その他、グローバル化するイングランド系掠奪者;
*インド洋、紅海、アラビア海に進出したヘンリ・エヴリ(ヘンリー・エイヴリー wikipedia
*バルバリア私掠者(wikipedia)に加わったイングランド系掠奪者;地中海で活躍

 こうして近世以降の銀の循環や交易活動のグローバル化を反映して、それに寄生するイングランド人をはじめとするヨーロッパ人の掠奪活動の範囲も地球規模で拡大していった。それは貿易や植民を通じたイングランド(のちにはイギリス)の対外進出とも連動しつつ、十八世紀までには、大西洋のみならず太平洋やインド洋にまでおよぶようになったのである。
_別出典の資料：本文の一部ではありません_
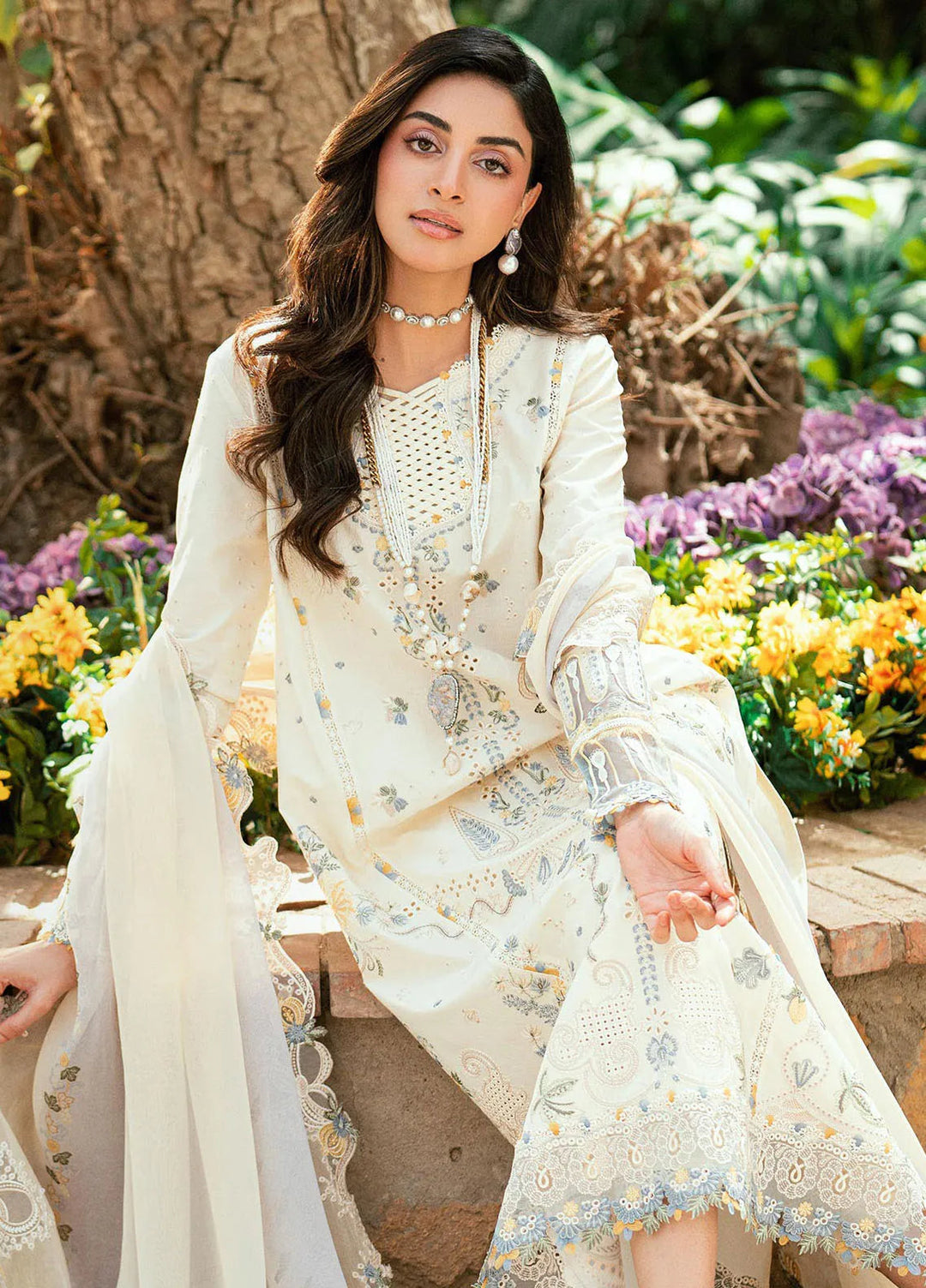 Qalamkar Embroidered Lawn Suits Unstitched 3 Piece QLM25LL SB-09 Adeena - Summer Collection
『1571年 銀の大流通と国家統合』の薩摩真介による補論「ドレイクの世界周航と掠奪行為の変容」

 掠奪行為の管理化

「犯罪行為である海賊行為」と「政府など公的権力の認可を受けた私人による掠奪行為」は区別される。イングランドでは1536年に海賊行為は違法とされた。「しばしば「海賊女王」と形容されるエリザベスも、一五七七年には海賊取り締まりの新たな試みとして、各地域の有力者を取り締まり委員に任命し、海賊行為や密貿易の監視にあたらせている」。しかし、必ずしも徹底されなかった。1640年代にイギリス諸島近海での海賊活動は政府の実効力のためみられなくなる。

「政府など公的権力の認可を受けた私人による掠奪行為」は、私掠(privateering)と呼ばれた。「私掠は、戦時に私人の船が政府の認可のもとで、敵船、あるいは敵国と貿易をする中立船の一部を拿捕して、その積荷等を売却してりえきを得る」。なお、wikiには下記ある;

[1] 私掠免許をはじめて発行したのはイングランドであり、起源は海賊を捕える私兵のための拿捕許可状といわれる[4]。私掠免許は戦争に際して何度か発行された。代表的なものとしてはイングランドの女王であるエリザベス1世(1533 - 1603)キャプテン・ドレークに発行した免許が挙げられる。(wikipedia 私掠免許)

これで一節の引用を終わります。